Community Property and Marriage

placeholder

In Community Property states (AZ, CA, ID, LA, NV, NM, TX, WA, WI), assets acquired during marriage are considered to be jointly owned regardless of how the account or asset is titled.  Separate property includes assets which pre-date the marriage as well as inheritances and gifts received during the marriage.  In the case of a divorce, community property is split equitably while separate property will remain with its original owner.

Assets are considered to be community property unless you can provide clear and convincing evidence that they are separate.  You may have heard that you only need to keep your financial records for six years, as that is the length of time that the IRS can go back for an audit (unless you submitted a false or fraudulent return, in which case there is no statute of limitations).  However, for the purpose of proving separate property, you have to keep documentation permanently.

It is important to also understand that income from separate property is considered community income in Texas.  If funds are commingled, contributions added, or dividends reinvested, you may inadvertently cause separate property to become characterized as community property.  

When a couple is getting married, it is important for both spouses to understand their individual separate property rights and to take steps to ensure that their assets maintain their separate property character.  We suggest having all income, such as interest and dividends, swept from the separate account automatically when received and deposited into a joint account.  Capital gains from mutual funds can be reinvested, and of course, you can sell one position and use the proceeds to purchase another another one in the account.

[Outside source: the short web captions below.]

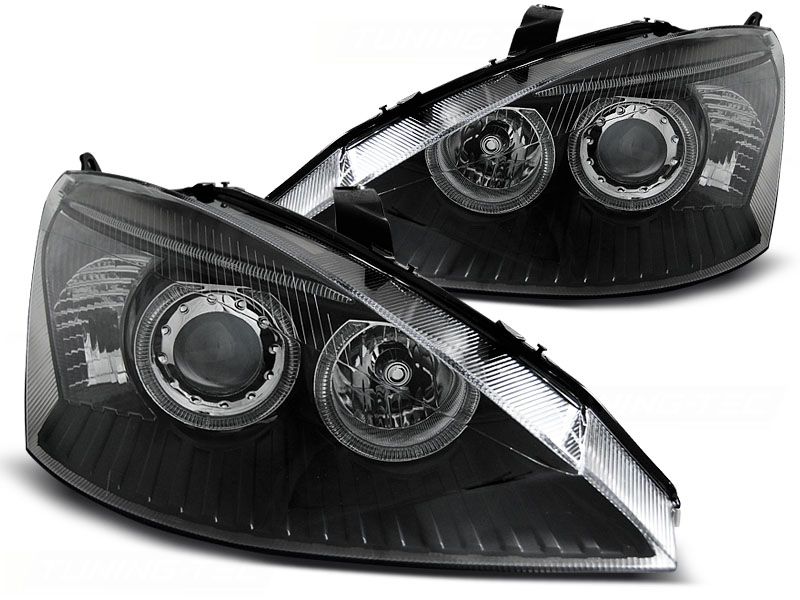 Headlights Ford Focus Angel Eyes 98-01 Black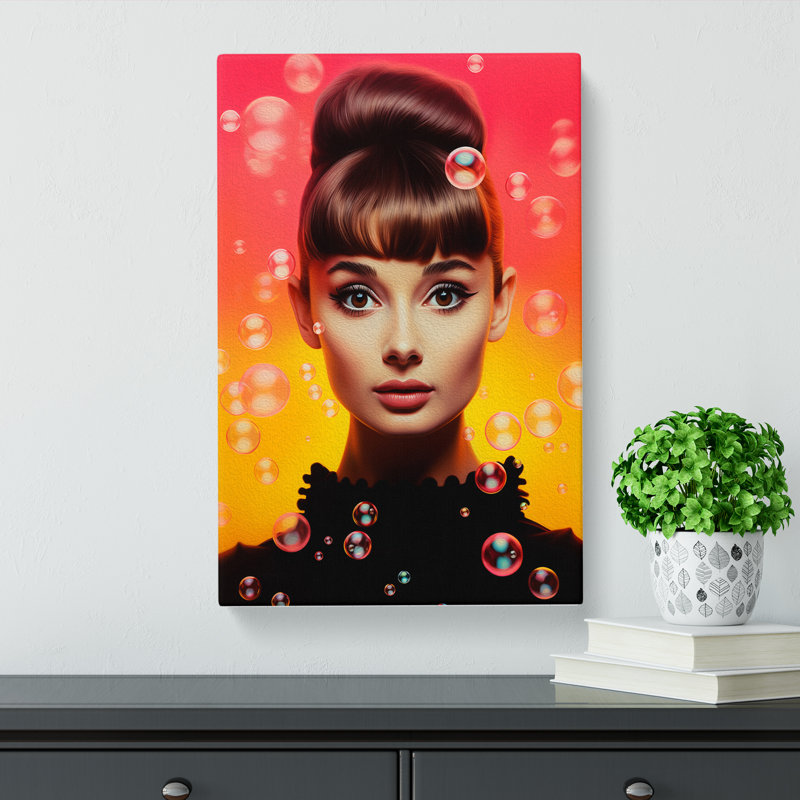 Audrey Hepburn Colour Field - Wrapped Canvas, 60cm H x 40cm W x 3cm D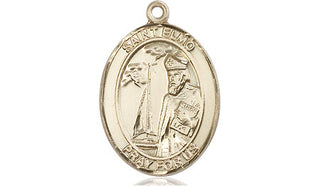 14kt Gold Filled Saint Elmo Medal Engraved Catholic Saint Jewelry
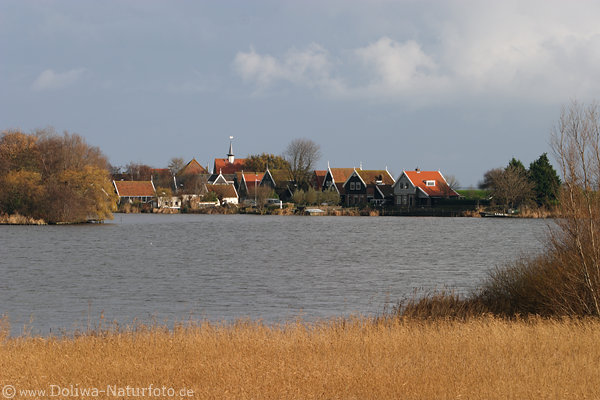 Uitdam Landschaft am Wasser Waterland Dorf Markermeer Niederlande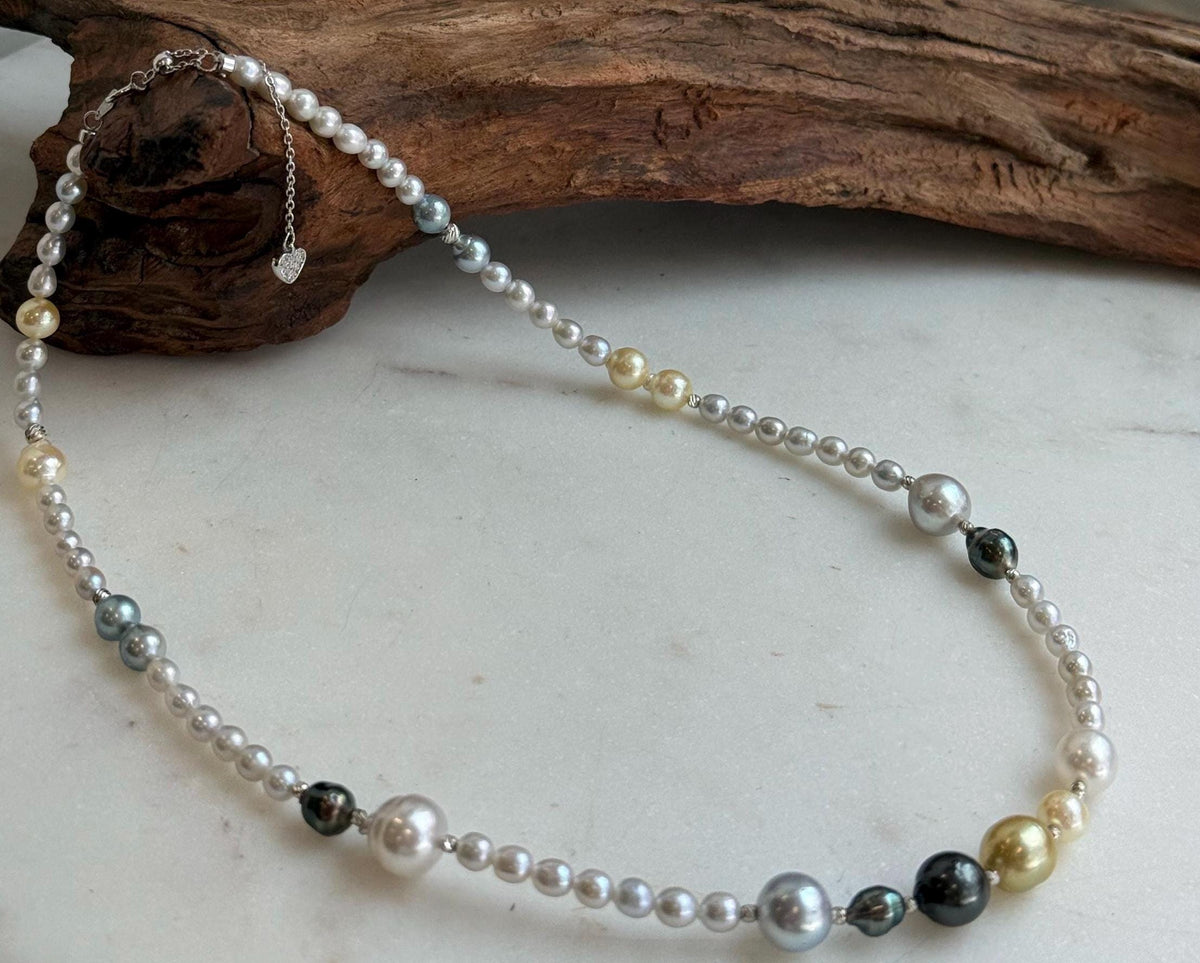 Elly’s Multicolor ocean white Freshwater pearls necklace:Extreme luster mirrored, 19.3”, S925 silver necklace strand.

In Texas, we have an “inception of title” rule which means that any asset acquired before marriage is separate, even if debt for the asset is discharged with community income.  For example, a home purchased before one day before the wedding will forever be a separate asset, even if the mortgage is paid during the marriage.  The same applies for a business entity – if created before the marriage, it will be separate property, and if created during the marriage, it’s a community asset, regardless of debt or title of ownership.  Debt can be a part of community property, so any debt acquired by one spouse during marriage may be considered to be a joint debt.

Separate Property can sometimes be an issue for first marriages, however, most first marriages are with young couples who have little or no assets.  It’s a more common concern for couples getting married (or re-married) in their 40’s, 50’s, or later who may have substantial separate property and who often have children from a previous relationship.  These issues could be addressed by a pre-nuptial agreement, and if you do decide to have a pre or post-nuptial agreement, both spouses should have separate counsel.  The nine states which do have community property laws, all have slightly different rules, so be sure to use an attorney and advisor who are familiar with your state’s laws.

If you’re getting married or remarried, your financial advisor should be having these conversations with you well in advance of the marriage and be taking steps to ensure your separate property rights will be maintained.